One thing worth knowing: when aquatic exercise was compared head-to-head against land-based exercise in some studies, the pain reduction was similar between the two. The advantage of water isn’t necessarily a bigger improvement. It’s that the water makes exercise accessible for people who would otherwise struggle to exercise at all. If walking on a treadmill is too painful for your knees but walking in chest-deep warm water isn’t, aquatic therapy gets you moving when nothing else can.
Cold Water Immersion for Recovery
Athletes and gym-goers often use cold water immersion (ice baths) to recover from intense workouts. A large network meta-analysis compared different combinations of water temperature and soak duration to find what works best. The results were clear: 10 to 15 minutes of immersion produced the most consistent benefits. Shorter soaks didn’t do as much.
For reducing delayed-onset muscle soreness (the ache you feel a day or two after hard exercise), water between 11°C and 15°C (about 52°F to 59°F) was most effective. For recovering explosive power and clearing muscle damage markers from the blood, slightly colder water between 5°C and 10°C (41°F to 50°F) worked best. In both cases, the sweet spot was a medium-length soak of 10 to 15 minutes. Very short dips or extremely prolonged sessions didn’t outperform this range.
Japanese Water Therapy
Japanese water therapy is a drinking-based practice, not a physical treatment. The protocol involves drinking four to six glasses of room-temperature water (roughly 800 to 1,200 ml) immediately after waking up, on an empty stomach, then waiting 45 minutes before eating breakfast. At each meal, you eat for only 15 minutes and then wait at least two hours before consuming anything else.

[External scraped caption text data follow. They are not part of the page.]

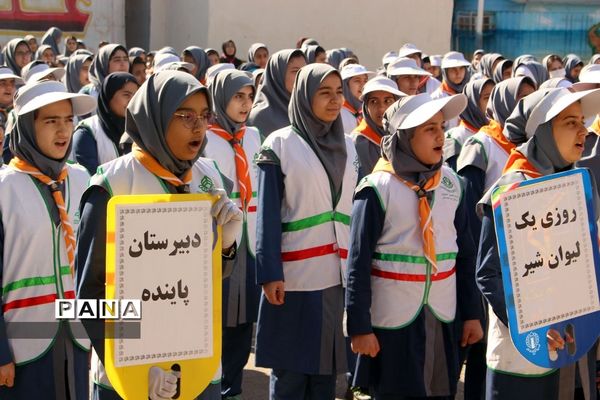 آیین  توزیع شیر رایگان در مدارس خوزستان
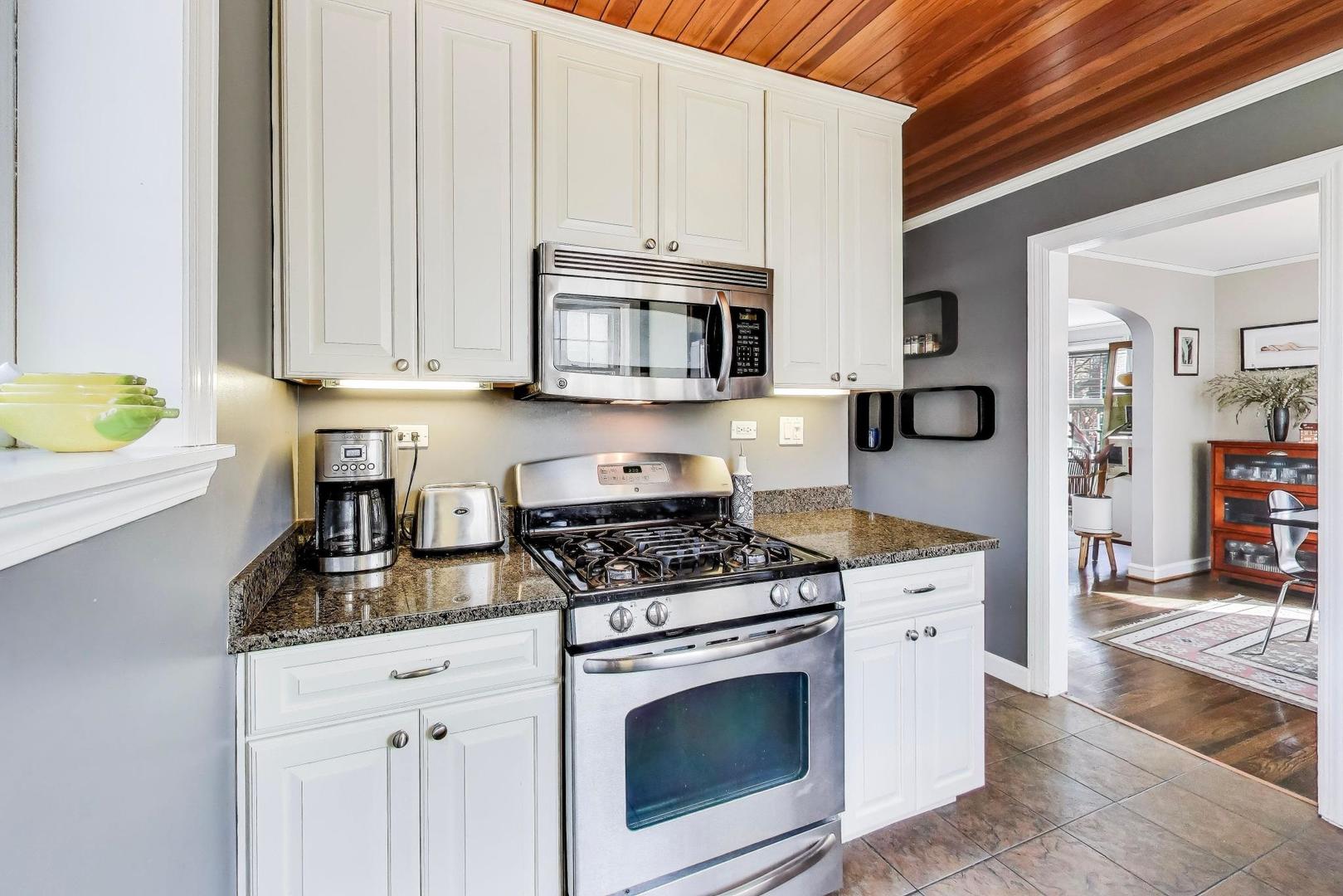 1507 Cleveland Street Evanston, IL 60202 - Photo 16 of 48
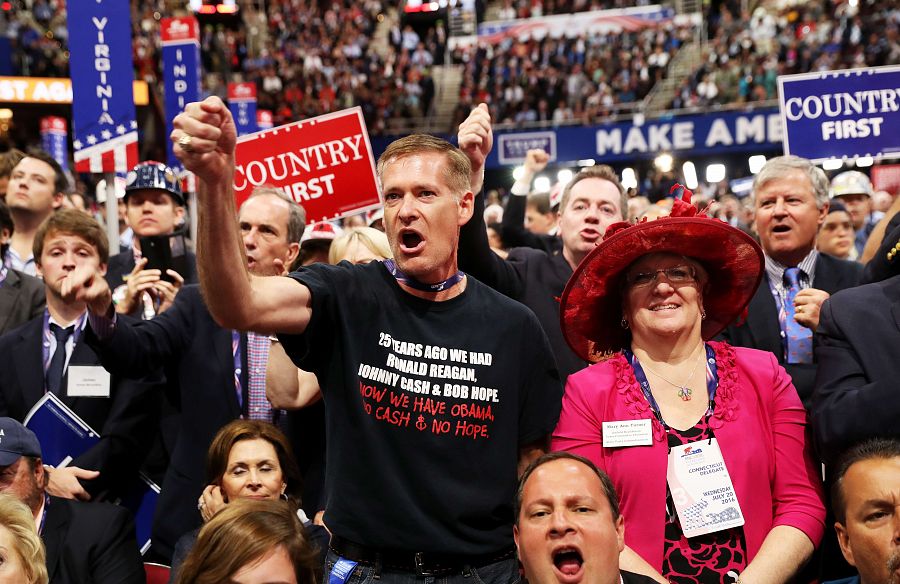 Los delegados republicanos siguen entre atentos y estupefactos el discurso de Ted Cruz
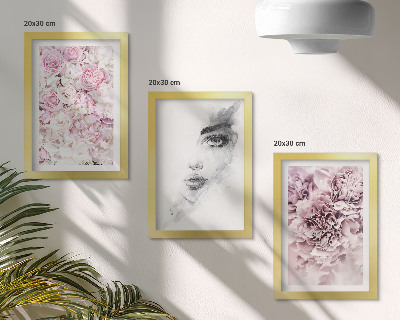 Gallery wall Delicate pioenrozen, zwart-wit portret van een vrouw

Proponents claim this routine improves digestion, boosts energy, and helps with weight loss. Some of these claims have a basic logic to them: drinking water before meals can make you feel fuller and eat less, and many people are mildly dehydrated in the morning. But the specific protocol itself, with its precise glass counts and timing windows, has no clinical trials supporting it as a treatment for any condition. The health benefits attributed to it are largely the benefits of staying well hydrated in general.
For reference, the National Academy of Medicine suggests a general daily fluid intake of about 13 cups (104 ounces) for men and 9 cups (72 ounces) for women. These aren’t strict targets, and individual needs vary with activity level, climate, and body size. Drinking four to six glasses first thing in the morning isn’t harmful for most people, but it can cause discomfort, nausea, or bloating, especially if you’re not used to it.
Safety Considerations
Hydrotherapy is generally safe for healthy people, but certain conditions require caution. Rapid temperature changes, like jumping into cold water after a sauna, can trigger blood vessel spasms that pose risks for anyone with heart disease or coronary risk factors. Cold water immersion can cause temporary heart rhythm irregularities in people with existing cardiac problems. Sudden immersion in ice-cold water has also been linked to transient fluid buildup in the lungs.
Heat-based water therapy, including hot tubs and saunas, is a concern during early pregnancy because elevated body temperature may affect fetal development. People with open wounds, active infections, or uncontrolled blood pressure should also approach hydrotherapy cautiously. If you’re using aquatic therapy for rehabilitation, working with a physical therapist who can adjust water temperature, depth, and exercise intensity to your condition makes a significant difference in both safety and results.